----- Material to process
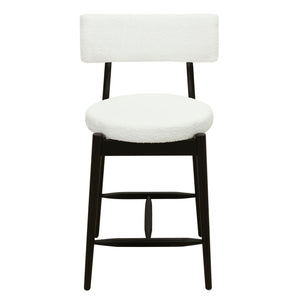 Mid Century Modern Counter Stools, Fabric Upholstered Chairs
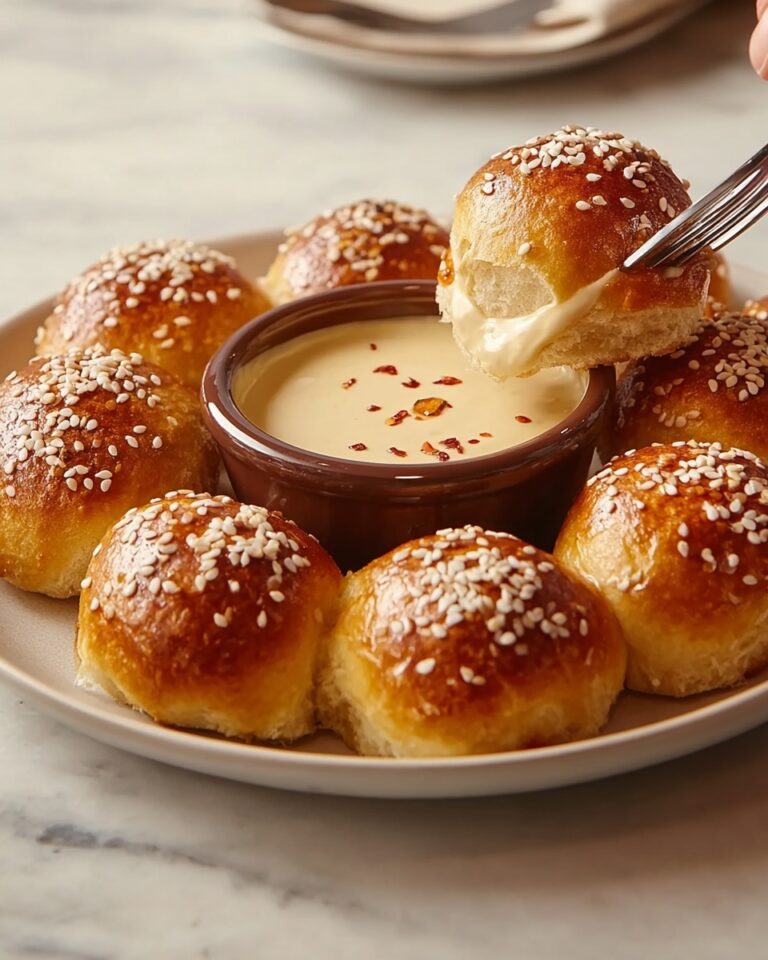 Pretzel Bites with Cheddar Cheese Sauce Recipe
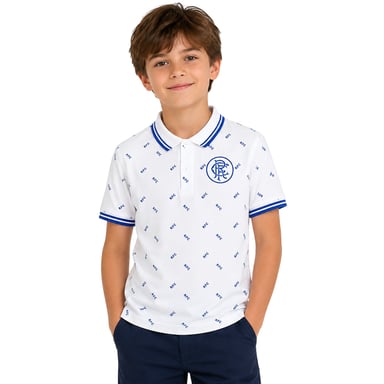 Castore Childrens/Kids Rangers FC All-Over Print Polo Shirt (White)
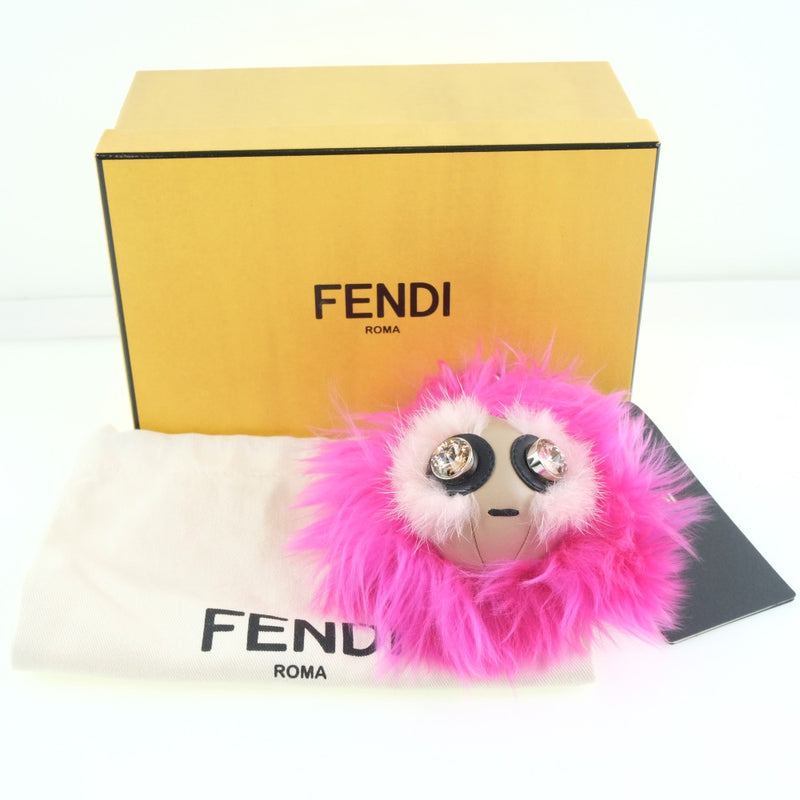 [Fendi] Fendi 7AR589 A1SY F0Y9Z Charm Leather X Leather X Fur Pink Ladies Charm S Rank
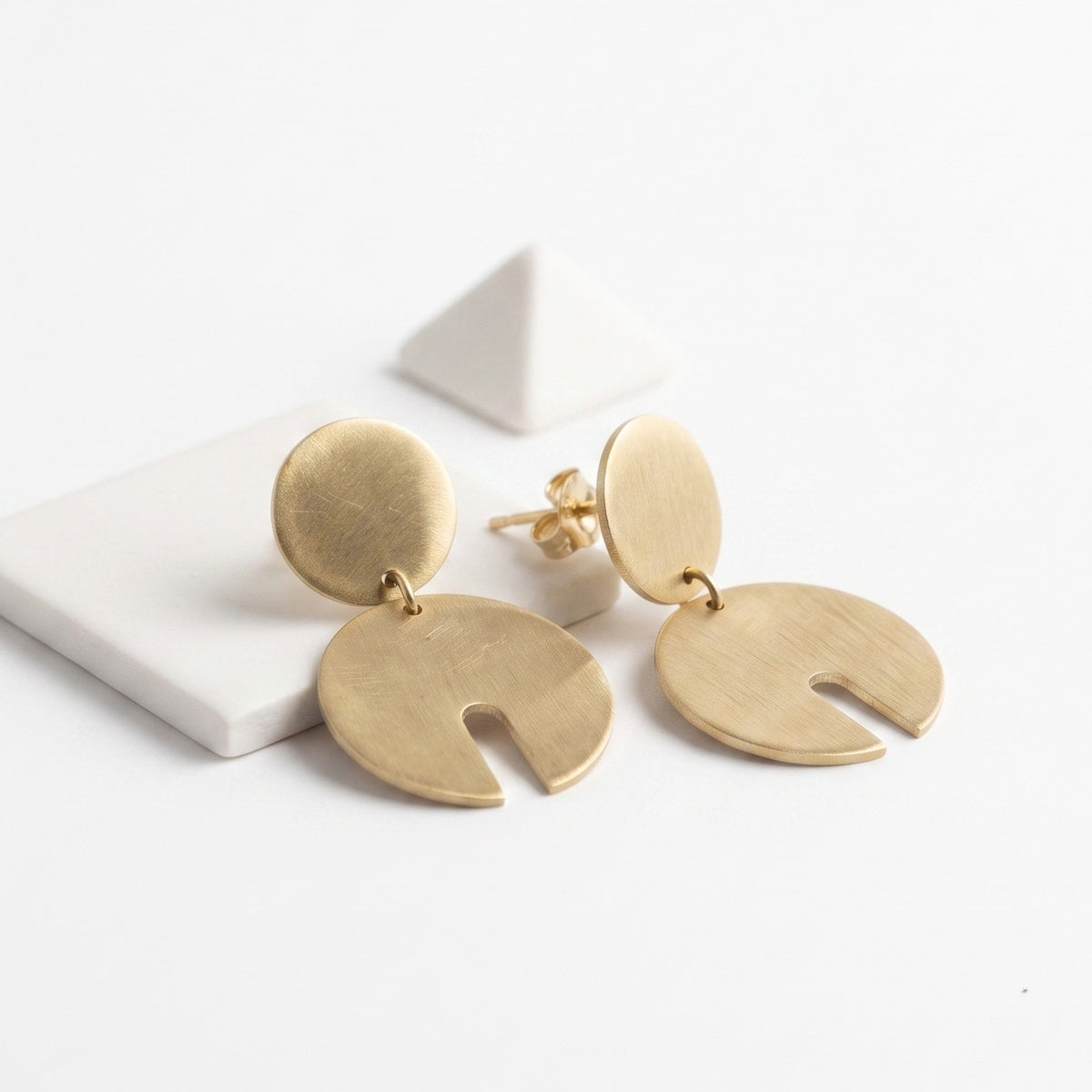 The Eclipse: Brushed Double Disc Drop Earrings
----------
What needs to be done
Excluding images, return all of the records above word for word.

Response
 Mid Century Modern Counter Stools, Fabric Upholstered Chairs
 Pretzel Bites with Cheddar Cheese Sauce Recipe
 Castore Childrens/Kids Rangers FC All-Over Print Polo Shirt (White)
 [Fendi] Fendi 7AR589 A1SY F0Y9Z Charm Leather X Leather X Fur Pink Ladies Charm S Rank
 The Eclipse: Brushed Double Disc Drop Earrings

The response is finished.